Work instructions:
Locate "Canine Coronavirus Antigen Test1.jpg" in the records below, then copy its line and every following line exactly, without the pictures.

=== Data to use ===

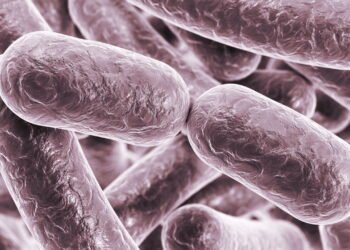 Infecção bacteriana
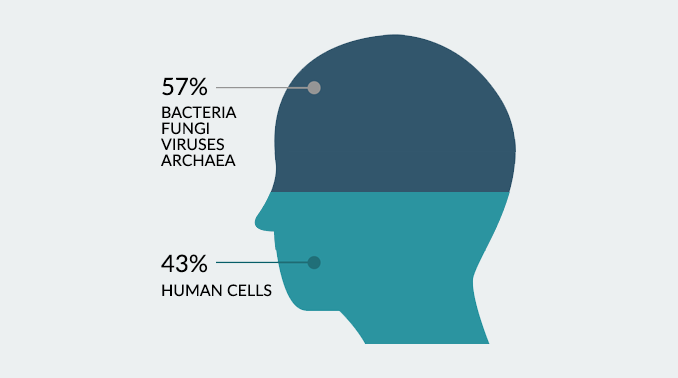 Human Cells Bacteria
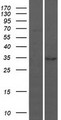 BARX1 Protein - Western validation with an anti-DDK antibody * L: Control HEK293 lysate R: Over-expression lysate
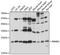 RNA Binding Motif Protein 8A antibody, LS-C750098, Lifespan Biosciences, Western Blot image 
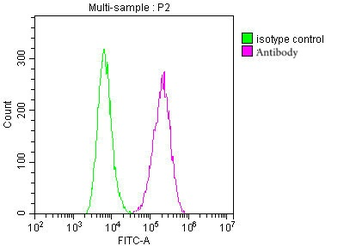 CD9 Antibody
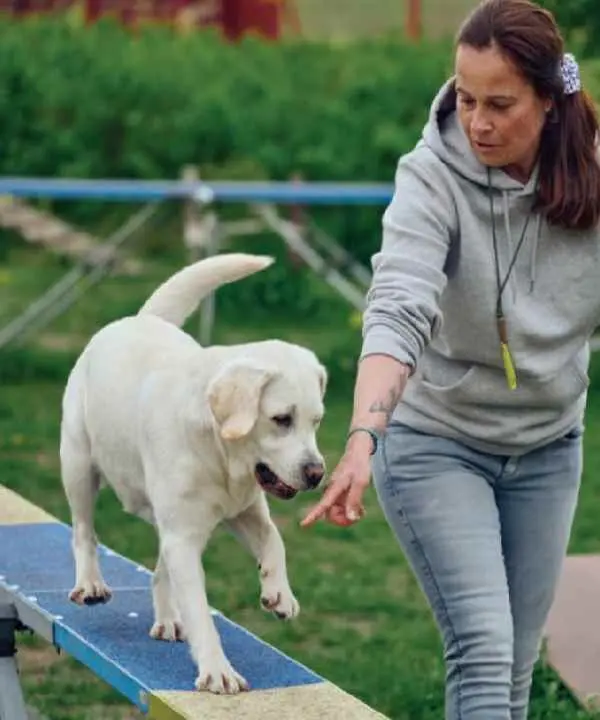 Canine Coronavirus Antigen Test1.jpg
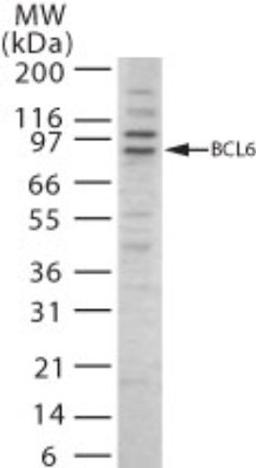 Western Blot: Bcl6 Antibody [NBP2-24952] - Western blot analysis of Bcl6 in 20 ugs of Ramos cell lysate using NBP2-24952 at 1 ug/ml.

===

Reply to the exercise:
 Canine Coronavirus Antigen Test1.jpg
 Western Blot: Bcl6 Antibody [NBP2-24952] - Western blot analysis of Bcl6 in 20 ugs of Ramos cell lysate using NBP2-24952 at 1 ug/ml.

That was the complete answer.